### What is required
Transcribe each of the records below exactly, excluding all pictures.

Pictures with short captions
_ _ _

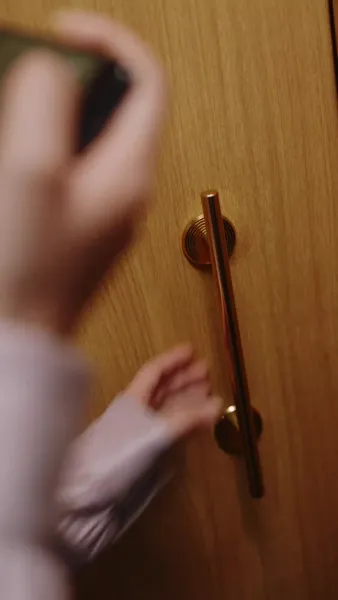 คุณเสิ่นไม่เจอกันนานสบายดีไหม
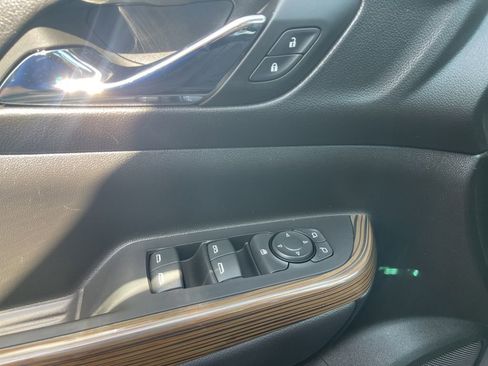 Certified 2023 GMC Acadia SLE w/ Driver Convenience Package FWD image 36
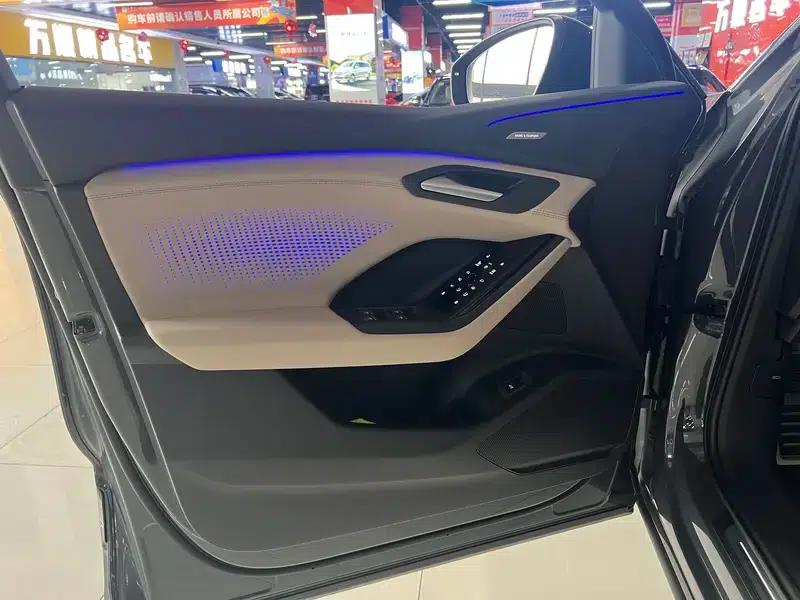 Audi Q6L e-tron 2026 First Edition — миниатюра 8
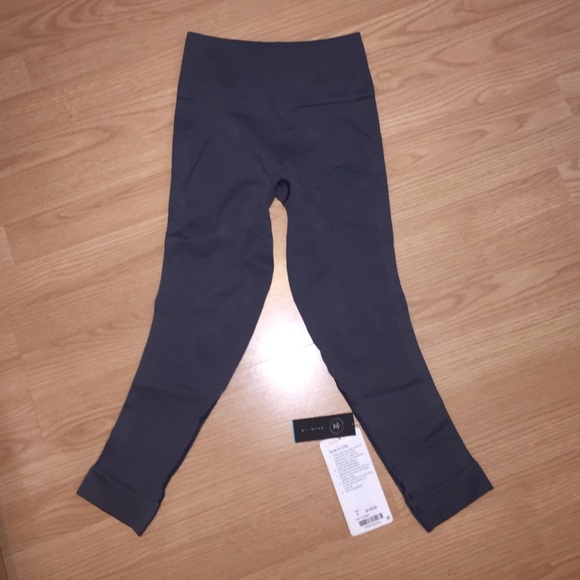 Lululemon Zone In Crop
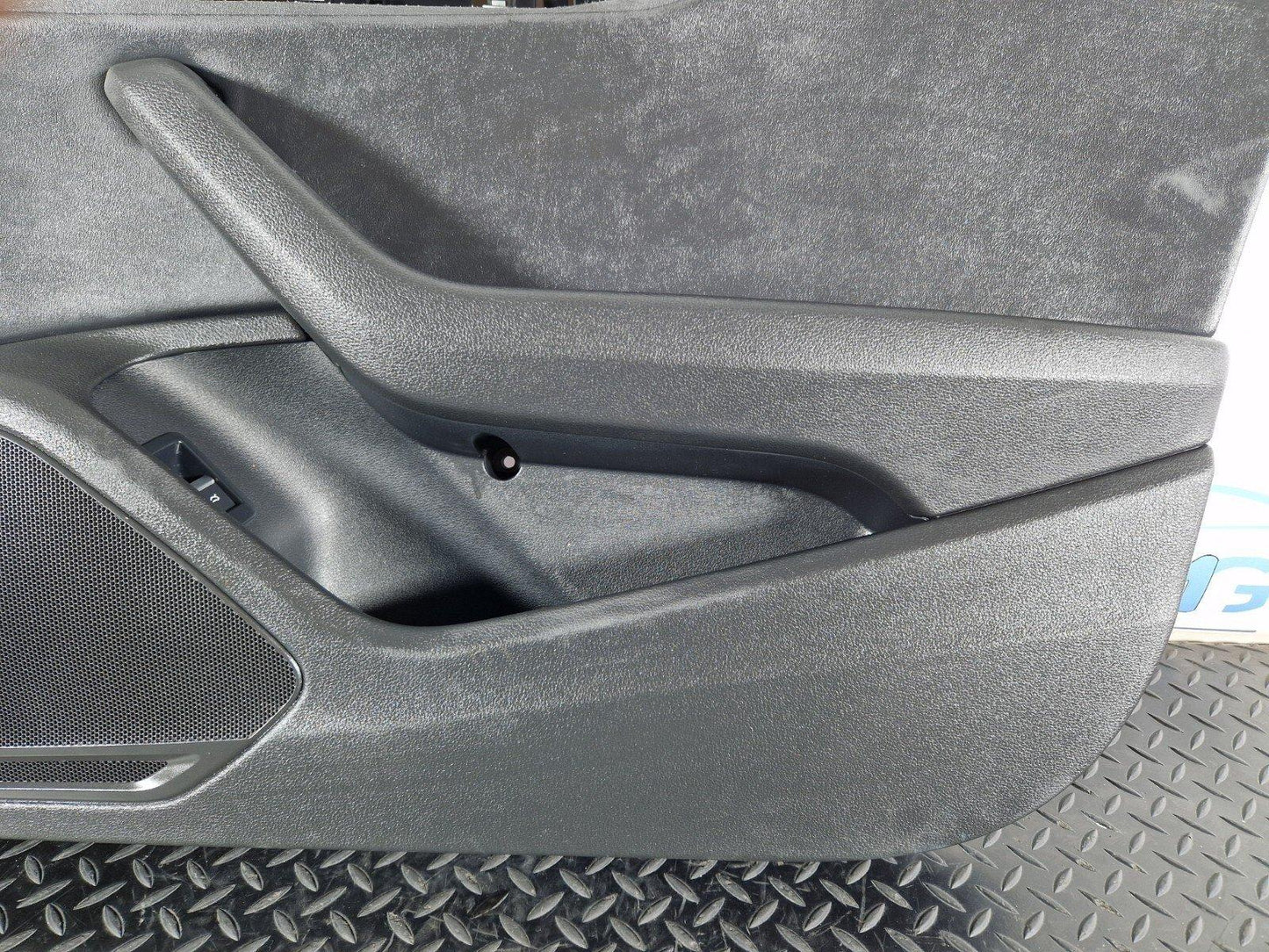 16-19 AUDI A4 B9 S-LINE FRONT RIGHT INTERIOR DOOR PANEL CARD 8W0867134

_ _ _

### Written solution
 คุณเสิ่นไม่เจอกันนานสบายดีไหม
 Certified 2023 GMC Acadia SLE w/ Driver Convenience Package FWD image 36
 Audi Q6L e-tron 2026 First Edition — миниатюра 8
 Lululemon Zone In Crop
 16-19 AUDI A4 B9 S-LINE FRONT RIGHT INTERIOR DOOR PANEL CARD 8W0867134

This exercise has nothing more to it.